Grandma Nancy made us sorghum molasses candy and we pulled it while it was still warm. Country folks said "it looked like sorghum and butter mixed together. Hum, hum, I can remember the taste now.
They planted sorghum and it grew into a cane that looked kinda like a fishing cane. Then when it was ripe they cut and carried it to the Sorghum Mill over on "Last Chance" road. The men fed the sorghum stalks though the Mill to press the juice from the them, the juice would drain into a vat that had a fire under it and they cooked the juice and while it was cooking the raw foam was skimmed from the trough. The mill press was kept turning by a mule that walked round and round as the men put in the stalks.

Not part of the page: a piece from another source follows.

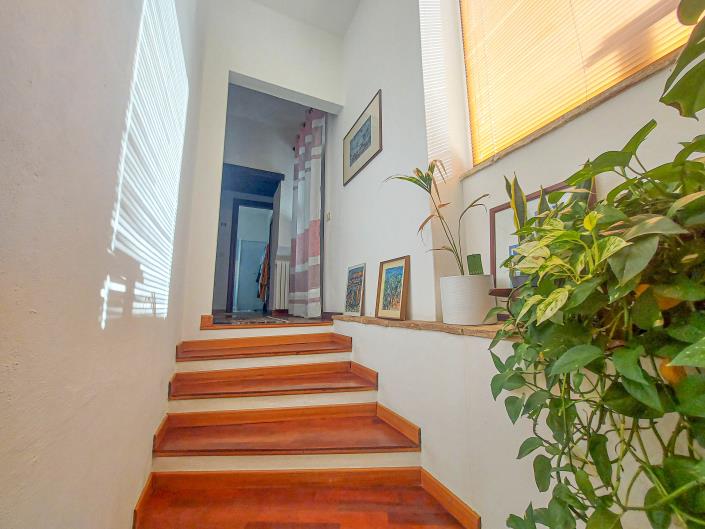 Image No.37-3 Bed Villa for sale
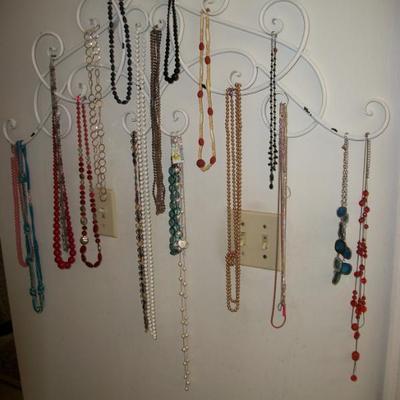 Sale Photo Thumbnail #49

It took around six men to operate the mill and when the syrup was all cooked off the syrup was divided for each family to take home to be eaten with hot biscuits and butter. Us kids chewed the sorghum stalk, you could strip it down and bite off the sorghum and after the juice was out of it you spit out the husk, it had a heavenly taste. Sorghum making only came around once a year just like a crop of cotton. But that is another story, post more soon.

Monday, March 16, 2009

WWII

My Dad was 41 years old, I was 8, when Japan bombed Pearl Harbor. I remember well the day we heard it on the radio. I remember how pale my dad and mom's faces became and my fear of what would become of our family if dad had to go to war. The radio was run on a big battery and the battery was a precious thing because you couldn't get another one even if you had the money which we didn't. The radio was only turned on to hear the news and what Franklin D. Roosevelt was going to lead the country to do. Dad didn't go to the service, he was listed as 4F, I didn't know what that meant. I didn't know if my beloved dad was sick and couldn't go or if maybe it was like they said, the farmers had to raise food crops to keep the country going. We had to work even harder then. My three older brothers all went to the service, all came home alive but my brother Ed only barely. Dad had been told that Ed died in action, but when the war was over he was found in a prisoner of war camp in Germany. His weight was down to 105 when they found him. He didn't talk much about it but he said that if a stray dog was killed in the street and it was thrown over the fence the prisoners fought over it. They caught garter snakes and anything else they could eat, the grass didn't grow on the yard because they ate it all. That is why to this day I can't watch war movies, the news on the radio was a daily thing and our boys were dying by the hundreds. Sons of our neighbors were being killed and reported missing in action. My uncle, Clarence Key, was killed in action, the fear was always with us. This went on for over five years.....then I remember VJ Day 1945. We had moved to the town of West Helena by then, dad was working at a wood mill there. When the news came over the radio, the fire sirens were going off, the people were in the streets rejoicing and crying and jumping up and down. There was a German prison camp just off the main street in West Helena. The prisoners were hauled to the near by farms to work each day, they were fed better than we were, we couldn't get sugar, coffee, flour and certainly not beef, I would hear remarks made by the grown ups about the prisoners were eating steak and we were about to starve ourselves.
But those prisoners were as happy that day as the rest of us. They would be going back home on the prisoner exchange program between the countries. They were laughing and jumping up and down like we were. THE WAR WAS OVER !!!